The influx has been good for city finances, though, said Sharon Wojda, the city’s chief financial officer.

New development has helped tax revenue grow, and the city’s Standard & Poor’s bond report noted an “affluent and rapidly growing economy” attracting young professionals.

Newcomers have caused tension with longtime residents, who face impossible homebuying costs and more crowding on scenic mountain and desert trails. A few “Don’t Move Here” bumper stickers have appeared to compete with the standard “Be Nice! You’re in Bend” sentiment on stickers, McConnell said.

Ellen Waterston, who runs workshops and retreats for writers, sold a house in Bend before the pandemic in fall 2019, thinking she’d rent for a few months and look for a smaller place to downsize. No dice in Bend’s pandemic housing market.

“I wound up bidding on countless houses, entering into new construction contracts only for the builder to back out as the price of materials made it impossible,” said Waterston. “I finally got into a house in Bend only because I happened on a for-sale-by-owner [sign].”

In Sun Belt states, peripheral cities showed the most gains, too: Within fast-growing Maricopa County, Arizona, it was Buckeye in the far western suburbs that got the most pandemic moves, rather than more urban Phoenix, the fastest-growing city in the country in the decade of the 2010s.

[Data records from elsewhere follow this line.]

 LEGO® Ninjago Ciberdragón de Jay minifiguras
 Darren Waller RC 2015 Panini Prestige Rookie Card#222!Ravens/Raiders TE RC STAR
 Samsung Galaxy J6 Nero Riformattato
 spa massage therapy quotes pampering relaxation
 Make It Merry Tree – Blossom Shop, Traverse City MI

Phoenix officials maintain the city is still growing fast. They say the moving statistics may be distorted by college students who didn’t always fill out change-of-address forms when they moved in, and by the fact that ZIP codes don’t accurately describe city boundaries.

“I am comfortable saying Phoenix is going to show significant growth,” said Eric Jay Toll, communications manager for the city’s Community and Economic Development Department.

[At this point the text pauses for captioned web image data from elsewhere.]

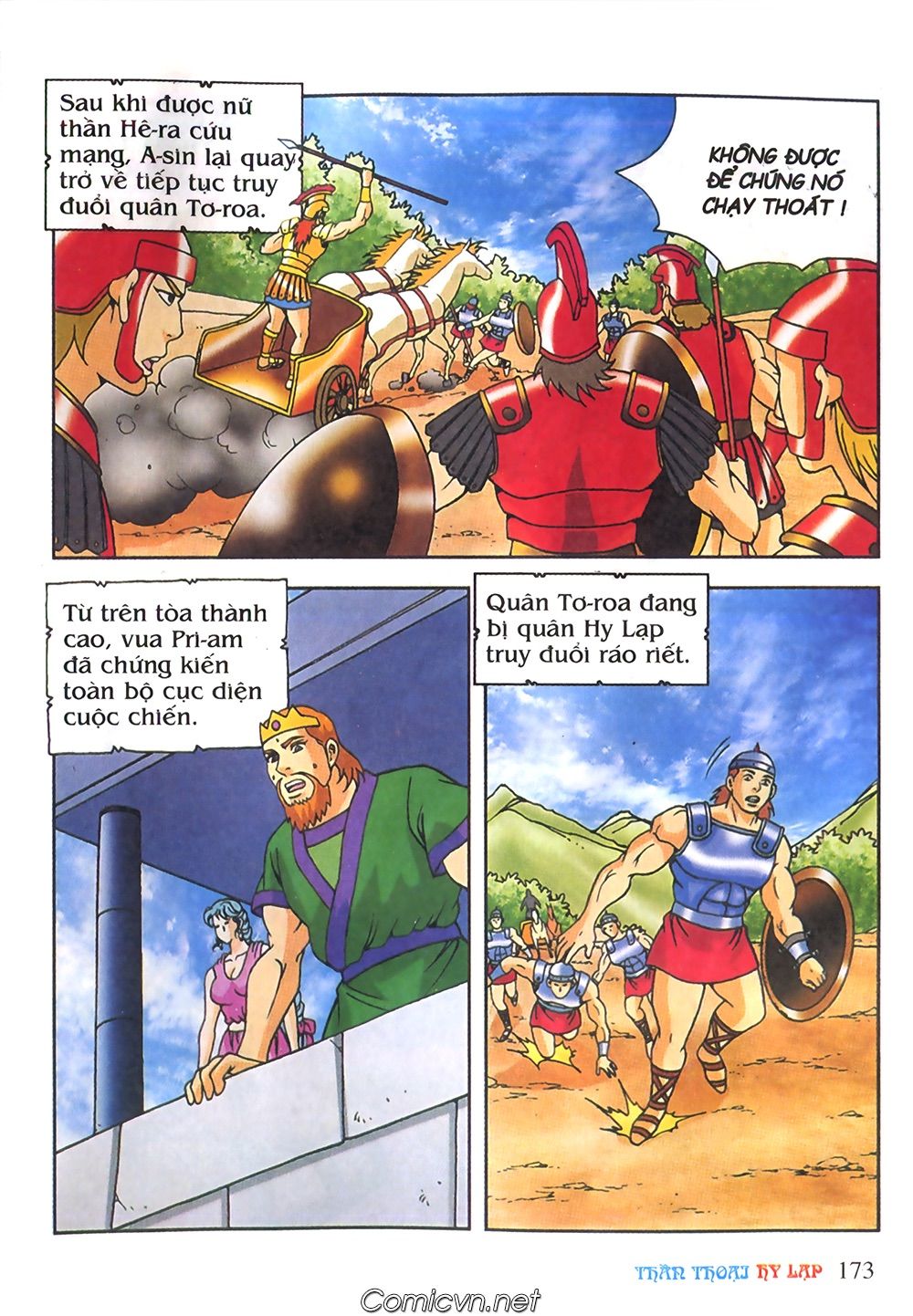 Thần Thoại Hy Lạp: Chapter 61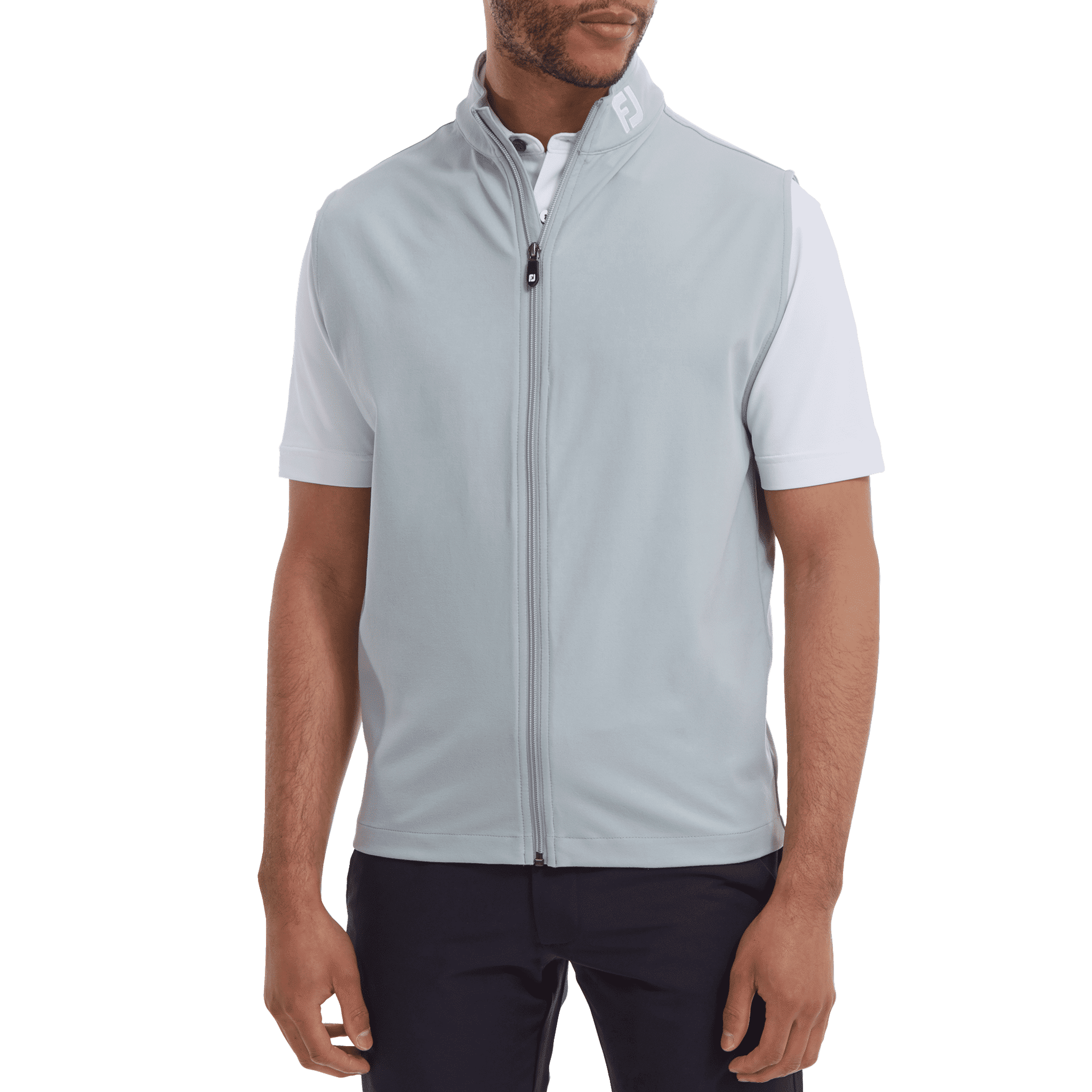 Gilet en tricot Footjoy Full Zip II pour hommes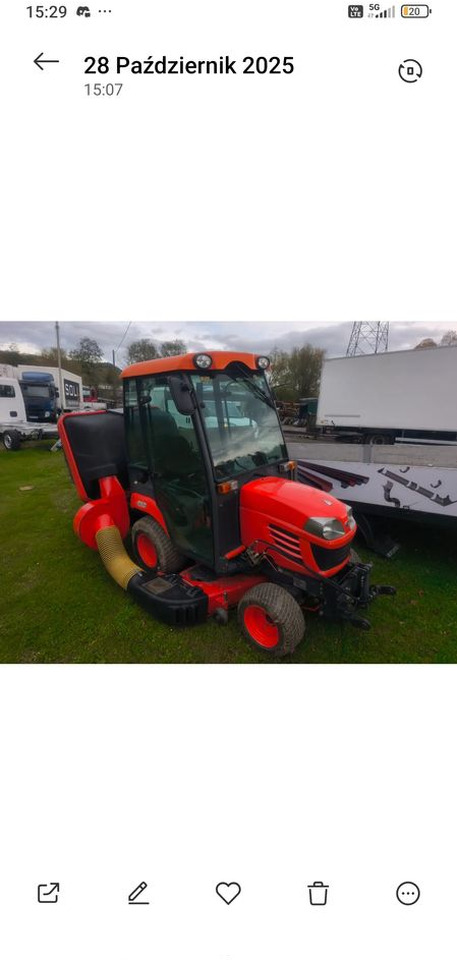 Kubota BX350 4x4 Traktorek komunalny kosiarka pług piaskarka pełen osprzęt - Traktor kota: gambar 2 Kubota BX350 4x4 Traktorek komunalny kosiarka pług piaskarka pełen osprzęt - Traktor kota: gambar 2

New York City officials also see better times ahead.

“We have strong evidence that New York City is gaining population,” said Department of City Planning spokesperson Rebecca Weintraub. “U.S. Postal filings suggest migration reverted to pre-pandemic patterns and that many wealthy neighborhoods are seeing an inflow of population.”

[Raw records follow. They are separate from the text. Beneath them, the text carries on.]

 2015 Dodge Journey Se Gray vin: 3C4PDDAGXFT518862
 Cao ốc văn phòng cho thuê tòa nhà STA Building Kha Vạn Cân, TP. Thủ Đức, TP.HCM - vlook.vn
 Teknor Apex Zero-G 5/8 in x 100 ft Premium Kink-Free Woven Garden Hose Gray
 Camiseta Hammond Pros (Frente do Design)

Moves out of Manhattan spiked from about 36,000 in the year leading up to March 2020 to more than 100,000 in the following year, but fell back to less than 23,000 the next year, according to the Stateline analysis. In that first pandemic year, remote East Hampton, more than 100 miles away from Manhattan, gained the most movers at 622. But the next year, from March 2021 to February 2022, it was Long Island City in Queens, gaining 960 new residents.

Moves out of New York affected the whole region, including nearby Connecticut, where suburban Fairfield gained the most movers in the pandemic’s first year, 715, a more than three-fold increase.

Terri Ann Lowenthal, a Connecticut-based census consultant, said she saw the effect in nearby Stamford, where in-moves also tripled in the first pandemic year near a commuter rail station. Both Fairfield and Stamford have relatively easy commuter train access to New York City.

“The neighborhood near the train station was overrun by New Yorkers escaping the city,” Lowenthal said. “A local developer was building luxury rental buildings faster than you can spell ‘Connecticut.’”

In Bend, Waterston said people now need a reservation for the famous South Sister volcano hike, the eastern desert known as Oregon’s Outback is getting busier with visitors, and waterways are filled with “thongs and Speedos and inflatable unicorns floating through town.” Signs of its past as a lumber mill and livestock auction town are disappearing, she said.

“Bend is hard for me to recognize,” Waterston said. “I am reacting the same way as many who are packing up and heading for a smaller town only to initiate the same problem.”